Der austauschbare Lithium-Ionen-Akku (1000 mAh) soll im Idealfall bis zu 2,5 Stunden HD-Aufnahme gewährleisten. Ich gehe davon aus, dass dies jedoch nur für den Betrieb ohne Display gilt, was standardmäßig lediglich ohne Unterwassergehäuse möglich ist. Damit die Kamera fest in diesem Gehäuse sitzt, muss das Display nämlich aufgesteckt sein. Ich würde alternativ eventuell ein passend zurecht geschnittenes Stück Styropor versuchen. Schade allerdings, dass der extra zur Ausrichtung verbaute Laser-Pointer im Gehäuse nicht einsetzbar ist.
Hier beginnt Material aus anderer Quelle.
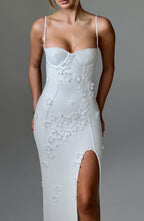 Ananke - Maxikleid mit Blumenapplikationen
Mit etwas Augenmaß richtet man sich die Cam dennoch problemlos ein, bevor man losfilmt.

Für meine bevorzugten Einsatzbereiche gäbe es auch kompatiblen Zubehör, wie eine Saugnapf-Halterung fürs Kajak, oder die Kopfbandhalterung, mit welcher sich einfach beim Trekking, Biken oder auch Paddeln aus der Ego-Perspektive filmen liese. Hierfür wird aber im Netz relativ viel Geld verlangt. Die vergleichsweise günstigsten Angebote fand ich bisher bei computeruniverse.
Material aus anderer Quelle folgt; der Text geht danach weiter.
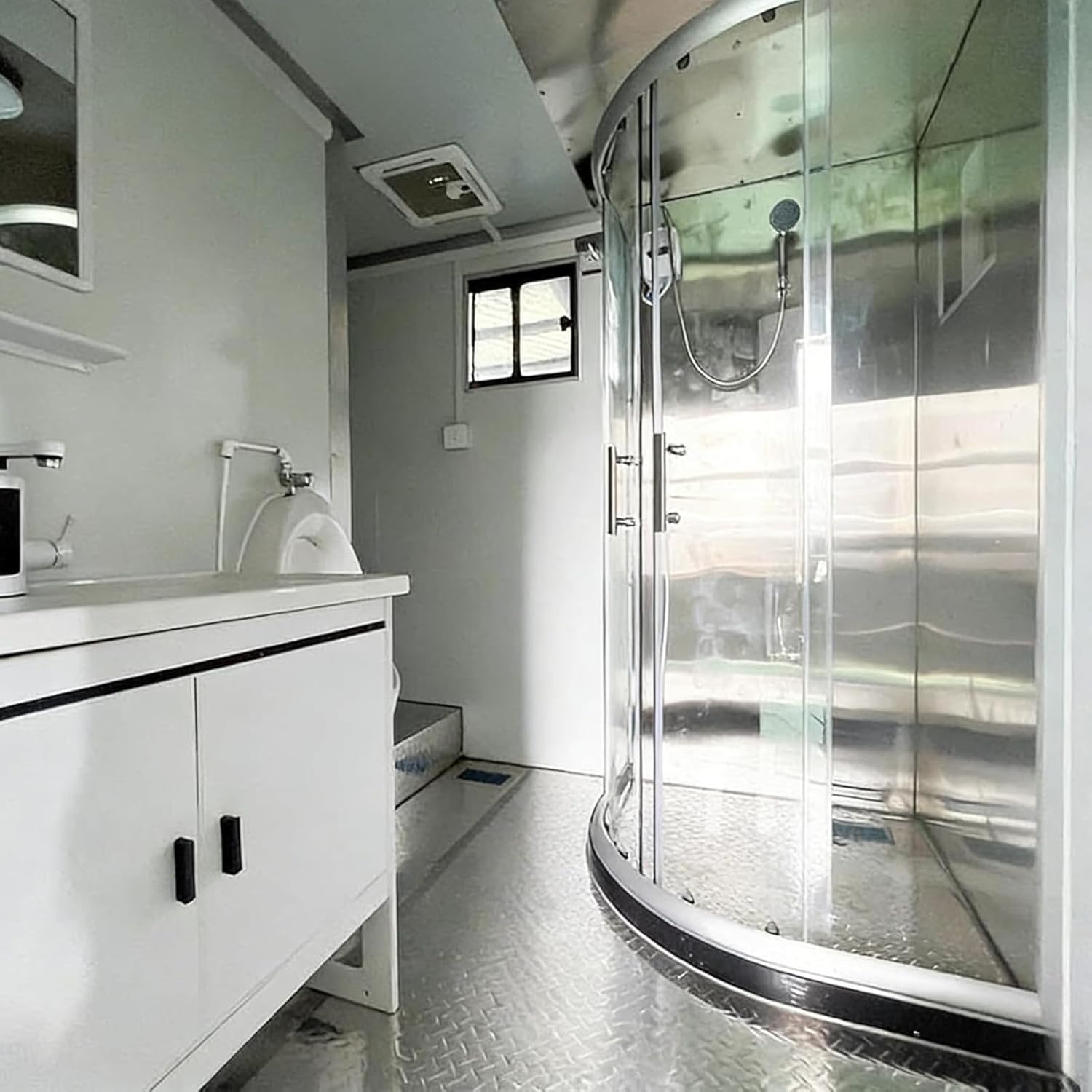 luxury portable restroom trailer,best luxury restroom trailer for events,portable bathroom trailer worth buying,buy portable restroom trailer with shower,luxury mobile restroom trailer pros cons,portable restroom trailer for rental business performance testing and real-world results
Um nun noch auf das Videoformat zurück zu kommen, die Aufnahmen erfolgen in Apple´s QuickTime-Format ".MOV". Wenn man sich etwas im Internet umschaut, so gibt es wohl einige Leute, die Probleme mit der Bearbeitung solcher Files haben. Meine simpelste Lösung lautet hier Windows Live Movie Maker, der bei Windowslive.de kostenlos herunterladbar ist. In diesem Tool sind eigentlich alle grundlegenden Funktionen vorhanden: Videoschnitt, Überblendeffekte, Titeltexte, Audio hinterlegen etc. Wer allerdings etwas mehr Anspruch hat, dem empfehle ich unbedingt diesen Wikipedia-Artikel. Die darin enthaltene Tabelle lässt sich auch nach den "ca. Kosten" sortieren, womit man einen Überblick über verfügbare Freeware bekommt. Auch hier wird man nämlich auf Profi-Software stoßen. Beispielsweise Lightworks, welches ohne zusätzliche Codec-Lizenzen etc. auch kostenlos zu bekommen ist. Quicktime lässt sich hier laut Tutorial importieren.